A la par que escribe rápidamente suelta alguna que otra risa tonta o muestra una sonrisa.

Jules me mira extrañada esperando una explicación coherente al comportamiento de Celia.

Niego con la cabeza mientras me enojo de hombros en señal de no entender absolutamente nada.

-¿Con quién se supone que estás hablando?- pregunta por fin Jesús dedicándole una mirada pícara.

-Os explico, supongo que conocéis a los gemelos Martínez- comienza a decir y asentimos dudosos- Bueno, pues empecé a hablar con Iván y, en uno de mis viajes a Barcelona, me presentó a Arnau Marín.

-Ese niño está sumamente bueno- comento poniendo cara de placer- Yo me lo empotraba.

-Tú no te empotrabas a nadie- replica Jesús a modo de regañina.

-¡Callaos!- exclama Celia- Estoy saliendo con él.

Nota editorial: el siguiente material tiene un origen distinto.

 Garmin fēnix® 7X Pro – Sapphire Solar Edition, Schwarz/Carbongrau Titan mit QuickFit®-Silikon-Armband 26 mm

Julieta y yo nos quedamos plasmadas, sin saber como reaccionar, más que dejando nuestras mandíbulas inspeccionar el suelo.

-¡Qué zorra!- exclama mi amiga mirándola con odio fingido.

-Te jodes como Herodes- vacilo divertida.

-O como Cervantes que se jodió antes- finaliza Jesús.

-Iros a la mierda- escupe riéndose.

Jesús.

Finalmente comimos, a decir verdad, en un silencio bastante incómodo.

Con Dani y Lucía no estaba el horno para bollos.

Ahora estoy dándole los últimos retoques a mi tupé fijándome en el espejo que se encuentra en el baño y revisando minuciosamente cada uno de los detalles de mi vestimenta y...

¿Qué más da? De mi apariencia en general, no voy a especificar cada uno de los aspectos en los que me estoy fijando.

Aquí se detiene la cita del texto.